By Geoffrey Smith
Investing.com -- Gold prices roared higher again on Monday, extending a three-session rally as confidence returned to global financial markets against a backdrop of slowly improving health data from Europe.
By 12:15 PM ET (1615 GMT), gold futures for delivery on the Comex exchange were up 2.6% at $1,688.55 a troy ounce, only slightly off an intraday high of $1,695.90 an ounce.
That’s the highest mark in nearly two weeks, in a rally driven by the prospect of a sharp recession and an extended period of low interest rates, along with big increases in government borrowing.
Spot gold was up 2% at $1,650.40 an ounce.
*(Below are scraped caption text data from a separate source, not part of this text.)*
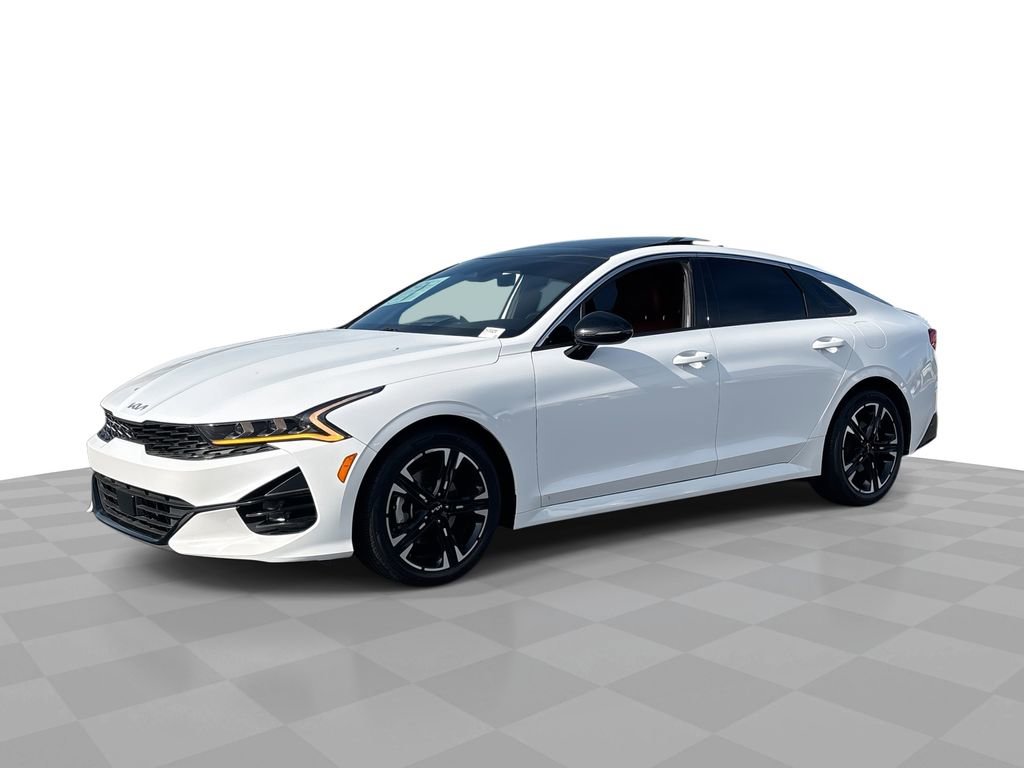 Used 2022 Kia K5 GT-Line w/ GT-Line FWD Premium Package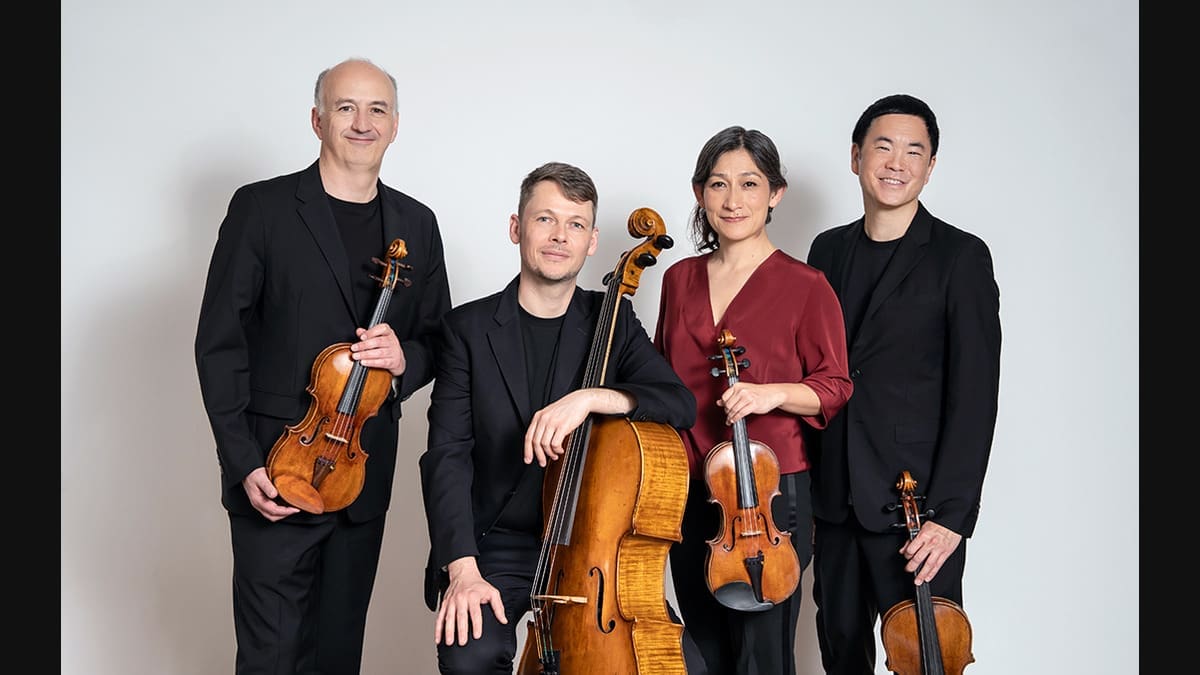 Takács Quartet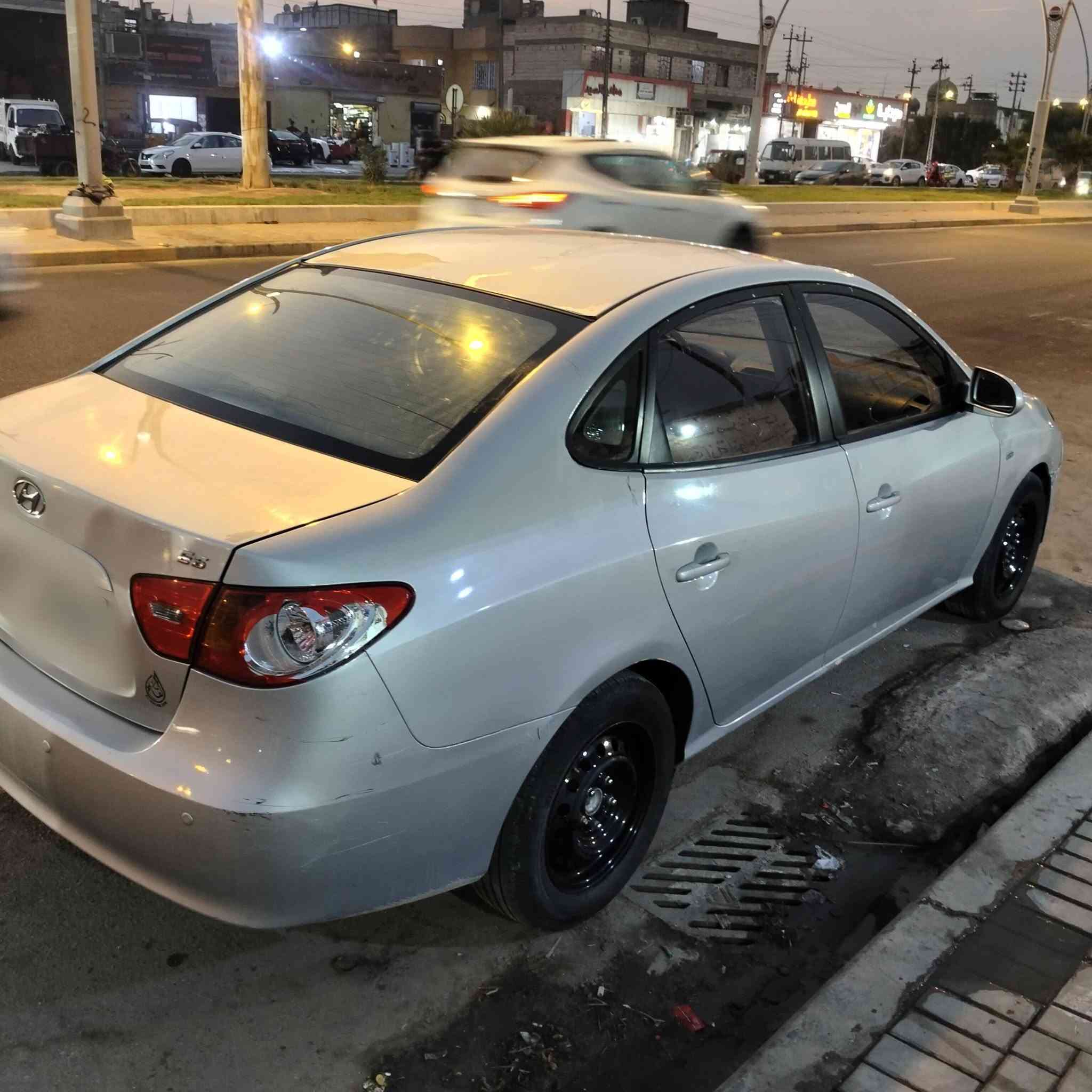 النتر • ٢٠٠٨ • بيع مستعجل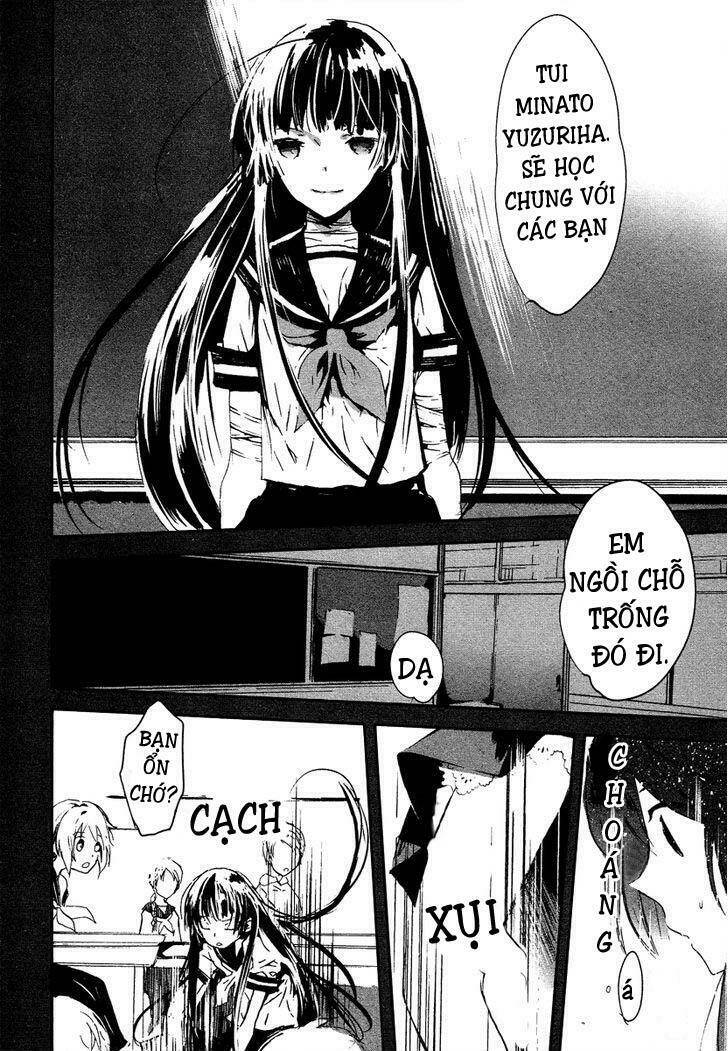 Aka No Haikyo!: Chapter 4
The premium of the futures contract over the physical product thus widened to the most in over a week, under the weight of heavy inflows into ETFs and other gold-backed products.
Holdings rose by 1.5 million ounces last week and are now up 10% in terms of claims on physical gold since the start of the year, according to analysts at BMO.
Much of that increase has gone into U.S.-backed ETFs, which track the Comex price rather than the London price.
E.B. Tucker, director of Metalla Royalty&Streaming, told the news site Kitco that “there’s maybe around $100 of paper gold trading for every ounce of real gold that’s in New York vaults.”
The recent extreme arbitrage suggests that “the people that have been arguing about manipulation in the gold market and talking about that for years (are) not as crazy as we once thought,” Tucker added.
Uncertainty continued to cloud the actions of some major players in the market. The Central Bank of Russia delayed the publication of its weekly reserves data for the third day, in what appeared to be an effort to conceal the degree of pressure on its foreign reserves as it tries to stabilize the ruble amid the ongoing price war in oll.
Silver futures rose 3.7% to $15.03 an ounce, on the back of similar inflows into silver ETFs, where AUM rose by 4.35 million ounces last week.
Platinum futures rose 2.2% to $733.60 an ounce.
The risk-on attitude in global markets was also reflected in other haven assets, with the Japanese yen weakening against the dollar, and U.S. Treasury yields rising by between four and seven basis points along the yield curve.